- SUPPLIED DATA -
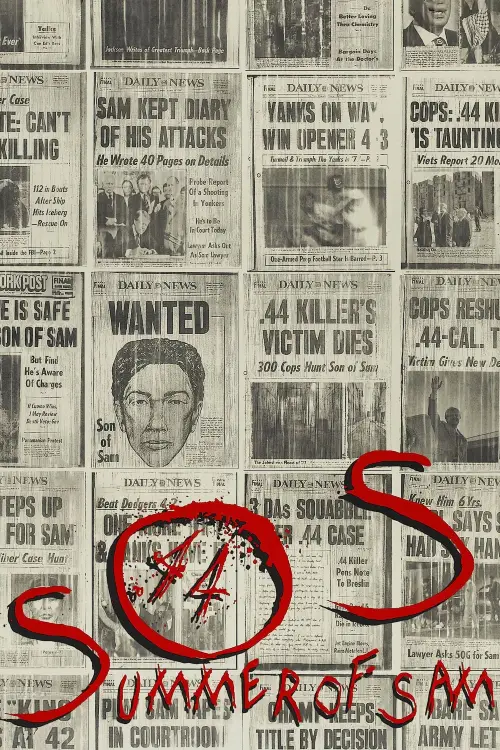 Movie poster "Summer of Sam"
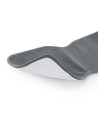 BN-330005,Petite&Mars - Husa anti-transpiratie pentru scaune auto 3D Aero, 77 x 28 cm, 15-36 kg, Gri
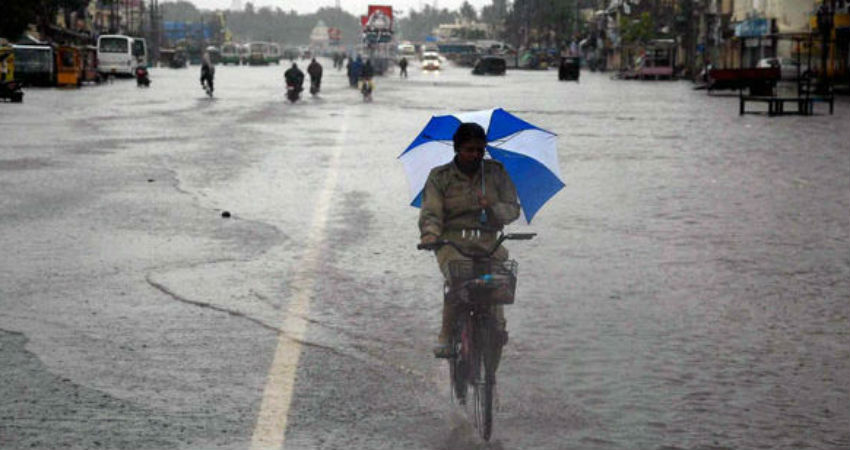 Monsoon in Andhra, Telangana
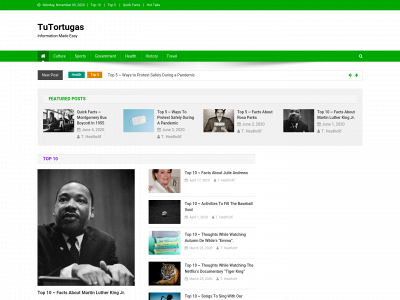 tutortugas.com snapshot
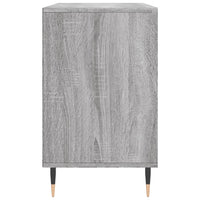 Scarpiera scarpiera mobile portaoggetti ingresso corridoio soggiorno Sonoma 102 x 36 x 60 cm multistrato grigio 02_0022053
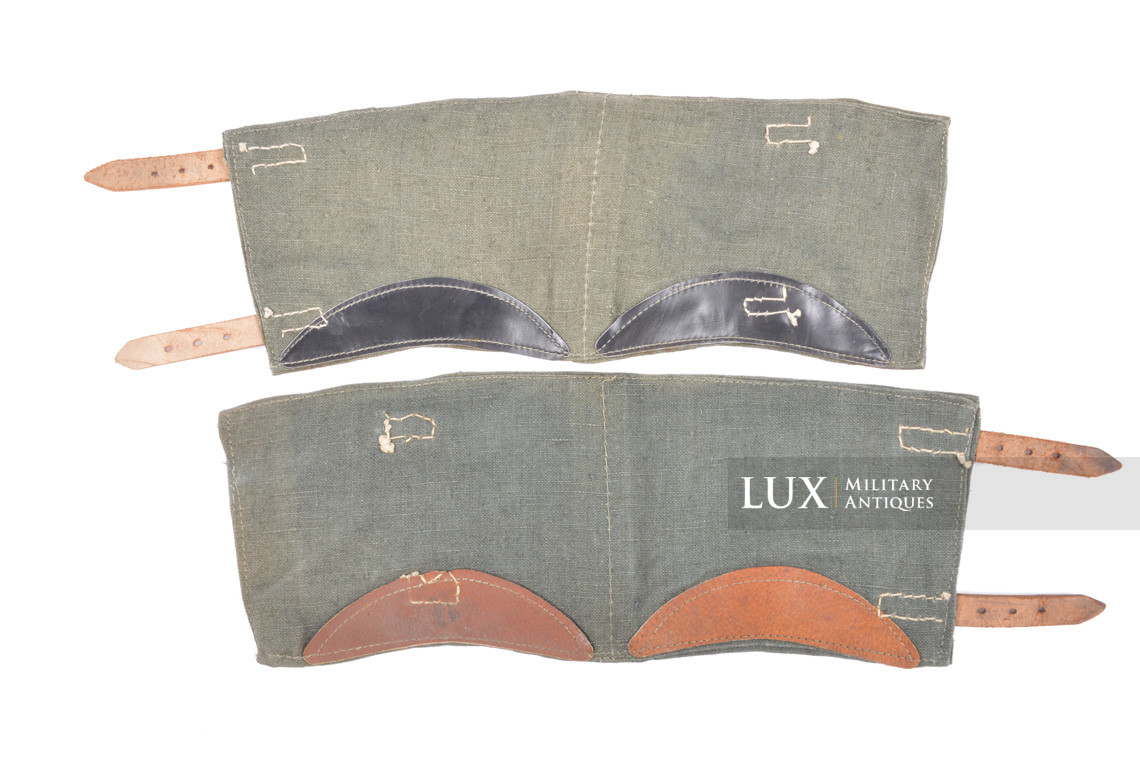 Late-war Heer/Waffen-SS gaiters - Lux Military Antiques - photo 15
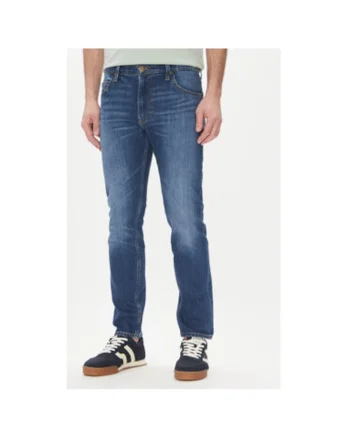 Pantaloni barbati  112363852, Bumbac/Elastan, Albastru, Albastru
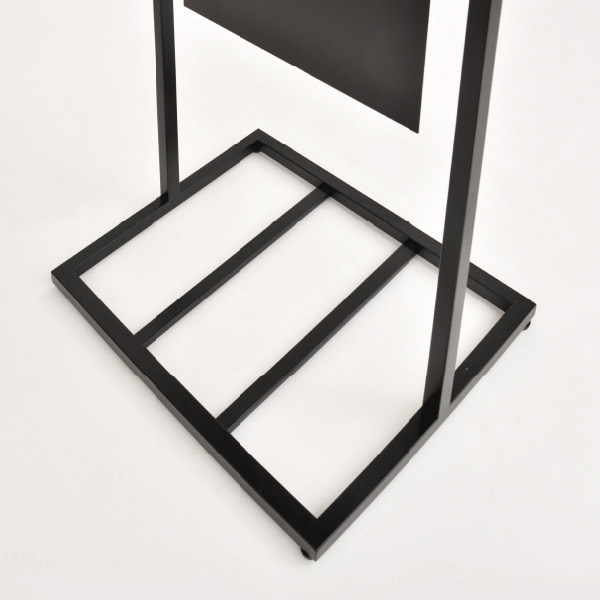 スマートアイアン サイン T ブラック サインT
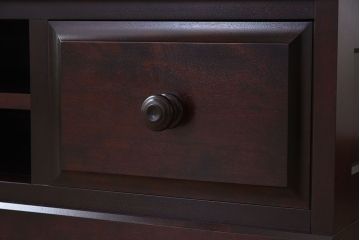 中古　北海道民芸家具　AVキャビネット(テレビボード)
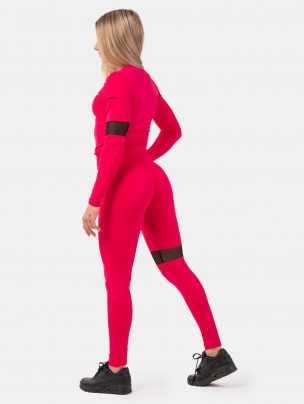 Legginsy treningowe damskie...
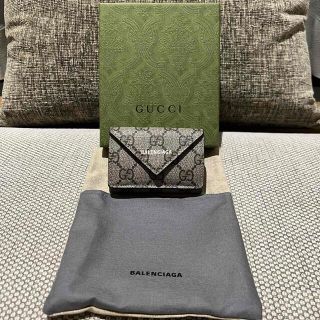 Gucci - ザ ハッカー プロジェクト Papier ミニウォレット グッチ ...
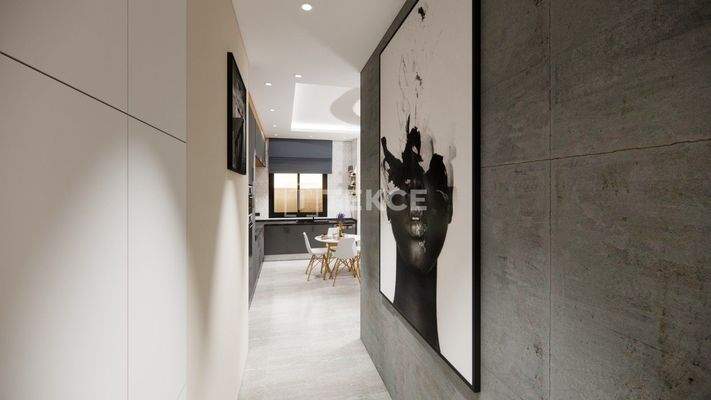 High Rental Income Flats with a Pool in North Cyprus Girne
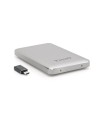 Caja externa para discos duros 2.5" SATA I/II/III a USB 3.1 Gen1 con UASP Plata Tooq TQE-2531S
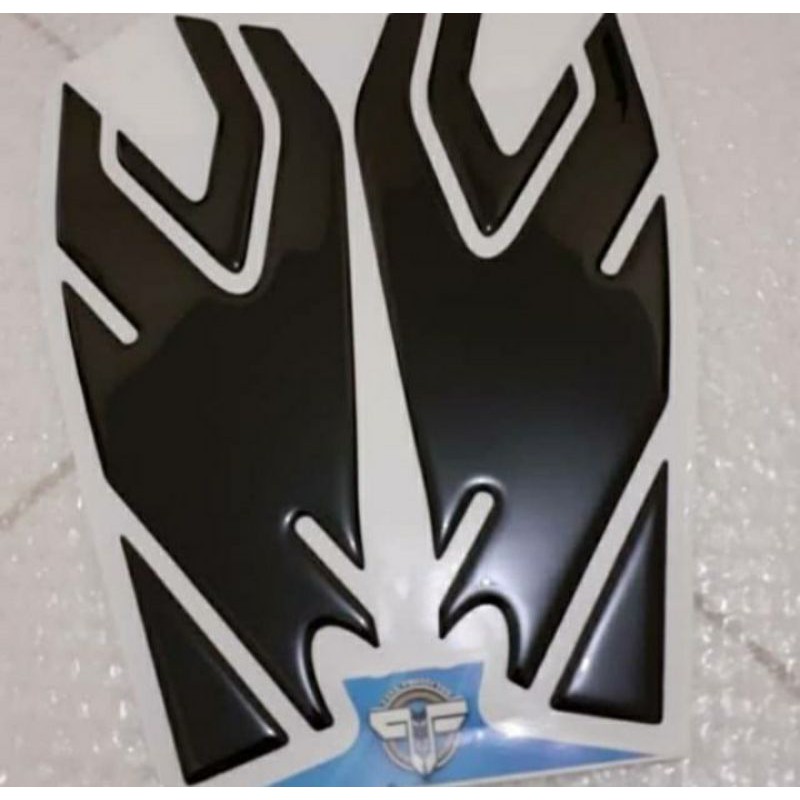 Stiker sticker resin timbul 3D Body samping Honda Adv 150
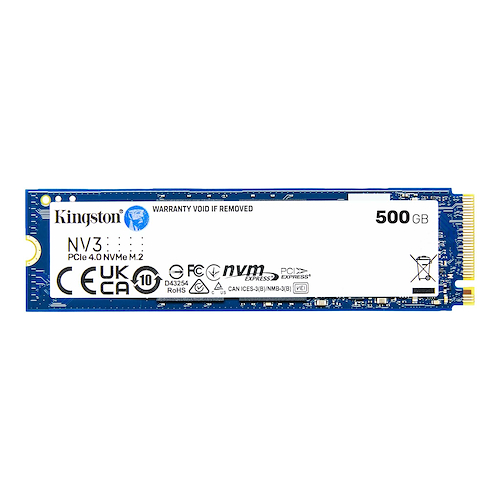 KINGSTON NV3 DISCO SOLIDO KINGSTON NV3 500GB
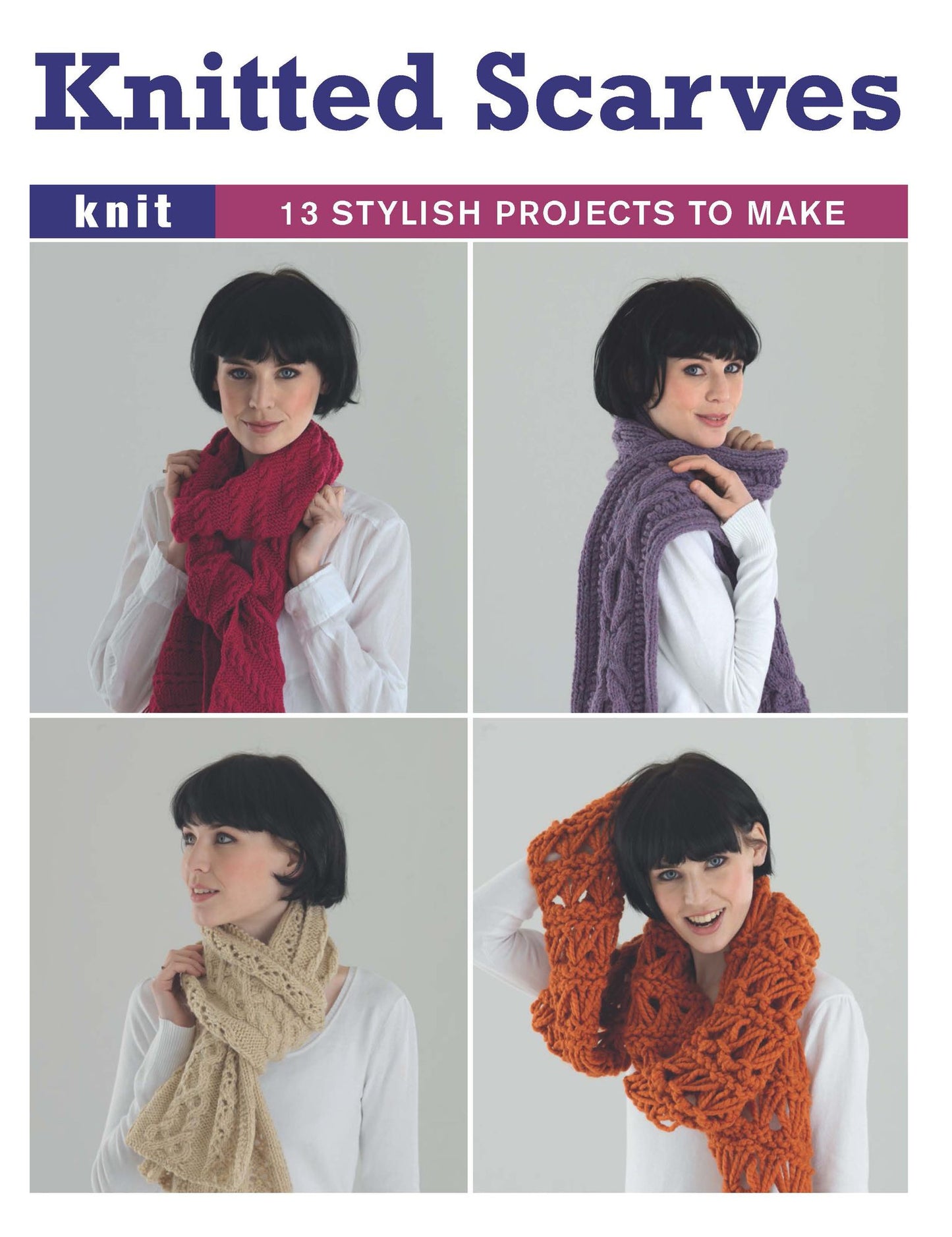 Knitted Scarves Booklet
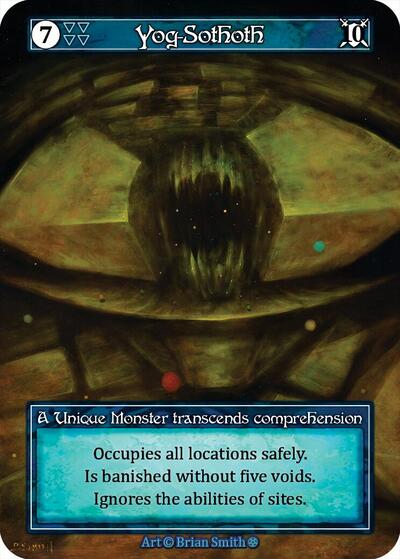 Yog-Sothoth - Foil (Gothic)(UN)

- HOW TO COMPLETE THIS TASK -
Retype the data above as given, letting no picture into the copy.

- SOLUTION TO THIS TASK -
 Movie poster "Summer of Sam"
 BN-330005,Petite&Mars - Husa anti-transpiratie pentru scaune auto 3D Aero, 77 x 28 cm, 15-36 kg, Gri
 Monsoon in Andhra, Telangana
 tutortugas.com snapshot
 Scarpiera scarpiera mobile portaoggetti ingresso corridoio soggiorno Sonoma 102 x 36 x 60 cm multistrato grigio 02_0022053
 Late-war Heer/Waffen-SS gaiters - Lux Military Antiques - photo 15
 Pantaloni barbati  112363852, Bumbac/Elastan, Albastru, Albastru
 スマートアイアン サイン T ブラック サインT
 中古　北海道民芸家具　AVキャビネット(テレビボード)
 Legginsy treningowe damskie...
 Gucci - ザ ハッカー プロジェクト Papier ミニウォレット グッチ ...
 High Rental Income Flats with a Pool in North Cyprus Girne
 Caja externa para discos duros 2.5" SATA I/II/III a USB 3.1 Gen1 con UASP Plata Tooq TQE-2531S
 Stiker sticker resin timbul 3D Body samping Honda Adv 150
 KINGSTON NV3 DISCO SOLIDO KINGSTON NV3 500GB
 Knitted Scarves Booklet
 Yog-Sothoth - Foil (Gothic)(UN)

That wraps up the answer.